Open Source Your Knowledge, Become a Contributor

Technology knowledge has to be shared and made accessible for free. Join the movement.

Create Content

Nonblocking Communication

One can improve performance on many systems by overlapping communication and computation. This is especially true on systems where communication can be executed autonomously by an intelligent communication controller. Light-weight threads are one mechanism for achieving such overlap. An alternative mechanism that often leads to better performance is to use nonblocking communication.

A nonblocking send start call initiates the send operation, but does not complete it. The send start call can return before the message was copied out of the send buffer. A separate send complete call is needed to complete the communication, i.e., to verify that the data has been copied out of the send buffer. With suitable hardware, the transfer of data out of the sender memory may proceed concurrently with computations done at the sender after the send was initiated and before it completed.

Similarly, a nonblocking receive start call initiates the receive operation, butdoes not complete it. The call can return before a message is stored into the receive buffer. A separate receive complete call is needed to complete the receive operation and verify that the data has been received into the receive buffer. With suitable hardware, the transfer of data into the receiver memory may proceed concurrently with computations done after the receive was initiated and before it completed. The use of nonblocking receives may also avoid system buffering and memory-to-memory copying, as information is provided early on the location of the receive buffer.

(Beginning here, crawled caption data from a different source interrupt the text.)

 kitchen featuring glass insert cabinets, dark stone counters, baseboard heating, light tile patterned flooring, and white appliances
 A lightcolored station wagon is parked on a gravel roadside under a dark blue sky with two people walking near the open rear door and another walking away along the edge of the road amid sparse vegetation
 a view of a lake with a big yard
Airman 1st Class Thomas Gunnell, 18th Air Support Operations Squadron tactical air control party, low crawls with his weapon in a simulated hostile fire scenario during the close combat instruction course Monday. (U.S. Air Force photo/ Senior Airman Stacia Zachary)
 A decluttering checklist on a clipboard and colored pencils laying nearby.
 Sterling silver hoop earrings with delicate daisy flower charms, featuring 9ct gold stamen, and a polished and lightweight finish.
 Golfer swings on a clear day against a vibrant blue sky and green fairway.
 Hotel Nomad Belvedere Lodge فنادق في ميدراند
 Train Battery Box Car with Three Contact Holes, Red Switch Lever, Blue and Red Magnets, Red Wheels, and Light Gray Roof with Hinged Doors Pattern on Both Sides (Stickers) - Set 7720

Nonblocking Send and Receive Operations

Nonblocking send start calls can use the same four modes as blocking sends: standard, buffered, synchronous and ready. These carry the same meaning. Sends of all modes, ready excepted, can be started whether a matching receive has been posted or not; a nonblocking ready send can be started only if a matching receive is posted. In all cases, the send start call is local: it returns immediately, irrespective of the status of other processes. If the call causes some system resource to be exhausted, then it will fail and return an error code.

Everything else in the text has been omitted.